DESCRIPTION OF THE TASK =
Look below for the line that contains "Auto Kraft 3" and the line that contains "Vector illustration vector", then restate both of them and every line in between, exactly. No picture goes in the copy.

INFORMATION GIVEN =
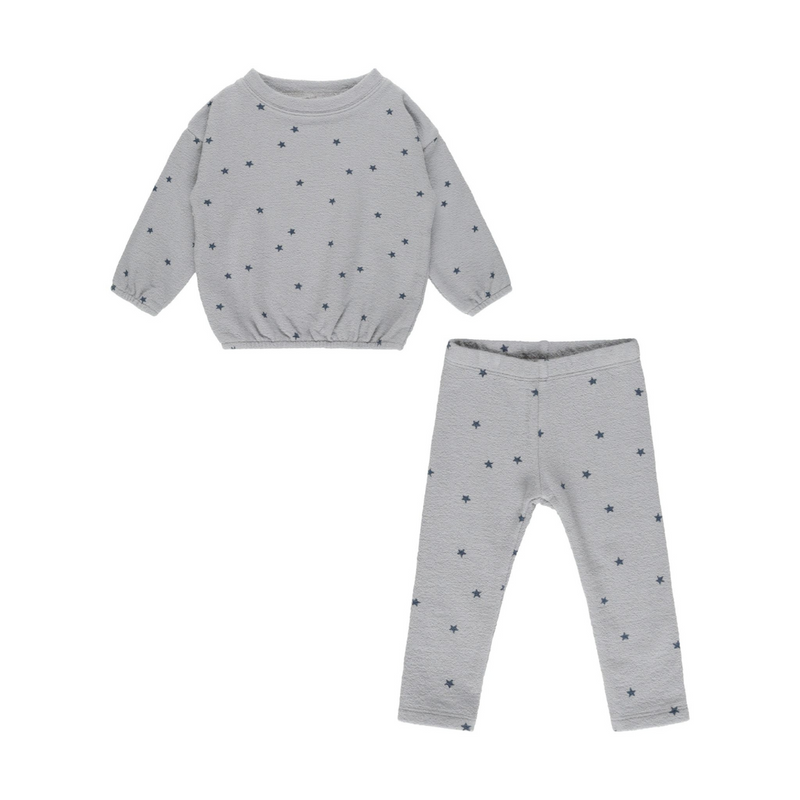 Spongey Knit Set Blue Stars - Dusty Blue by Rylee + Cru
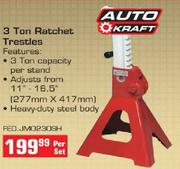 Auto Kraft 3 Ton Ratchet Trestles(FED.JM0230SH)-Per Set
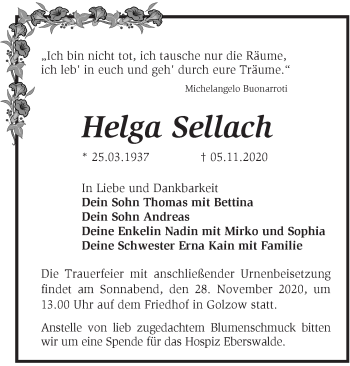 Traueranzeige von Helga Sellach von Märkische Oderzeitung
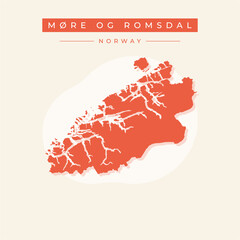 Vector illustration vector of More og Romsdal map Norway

---

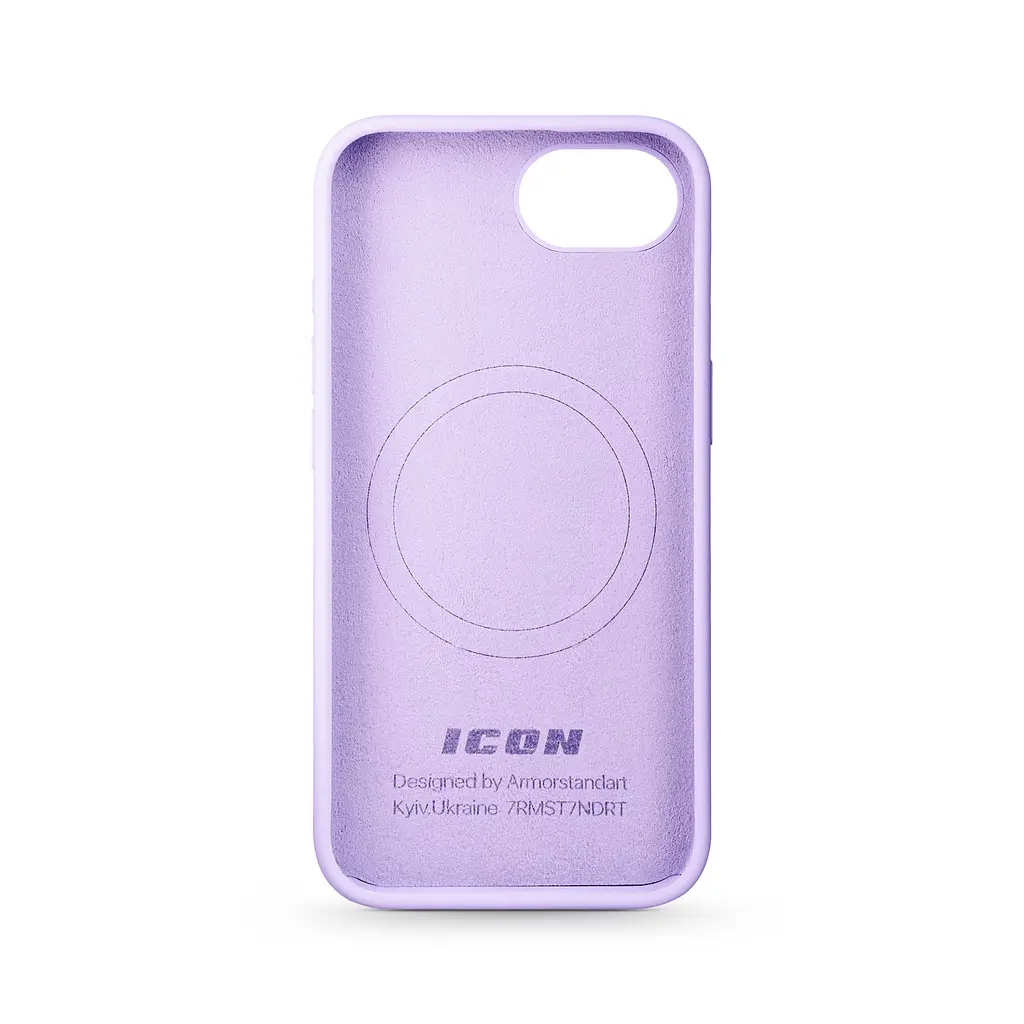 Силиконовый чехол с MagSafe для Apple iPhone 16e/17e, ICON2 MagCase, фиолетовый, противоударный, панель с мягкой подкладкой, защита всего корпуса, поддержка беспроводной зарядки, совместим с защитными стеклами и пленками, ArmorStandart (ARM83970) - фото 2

EXPECTED ANSWER =
 Auto Kraft 3 Ton Ratchet Trestles(FED.JM0230SH)-Per Set
 Traueranzeige von Helga Sellach von Märkische Oderzeitung
 Vector illustration vector of More og Romsdal map Norway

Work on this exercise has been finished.